Fisheries Management: A Love-Hate Relationship
Lionfish invasions are an ecological disaster. These venomous, yet beautiful, creatures are roaming their new habitat, the Atlantic reefs. They are depleting the stocks of native fish. They are damaging the tourism industry. They are contributing to the degradation of the fishery system as a whole.
So, there you have it. Lionfish are bad and we want to get rid of them. The question is: how do we accomplish that? It’s a lot more complicated than it seems because there are multiple components and multiple disciplines involved. One way to approach this problem is to begin by understanding and analyzing how fisheries in the U.S., and especially the Virgin Islands, are managed. To be honest, it’s quite complex.
The Magnuson-Stevens Fishery Conservation and Management Act governs fisheries in the U.S. This act was created in 1976 for the purpose of managing fish stocks and establishing control over coastal waters. The decentralization of management authority into eight Fishery Management Councils allows each regional council to manage its own fish stocks. The Caribbean Council manages fish stocks in the U.S. Virgin Islands.
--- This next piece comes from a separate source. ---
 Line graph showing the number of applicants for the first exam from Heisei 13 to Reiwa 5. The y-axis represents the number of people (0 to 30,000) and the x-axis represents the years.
By now, you may be wondering how fish stocks are managed. In simplest terms, there are policy-makers and there are scientific communities. The policy-makers consist of the council. Council members are political appointees that usually represent the heads of state fishery agencies, commercial fishermen, and recreational anglers.
Management of U.S. Fisheries under the Magnuson-Stevens Act – Diagram from “The impact of empowering scientific advisory committees to constrain catch limits in US fisheries” (Crosson 2012)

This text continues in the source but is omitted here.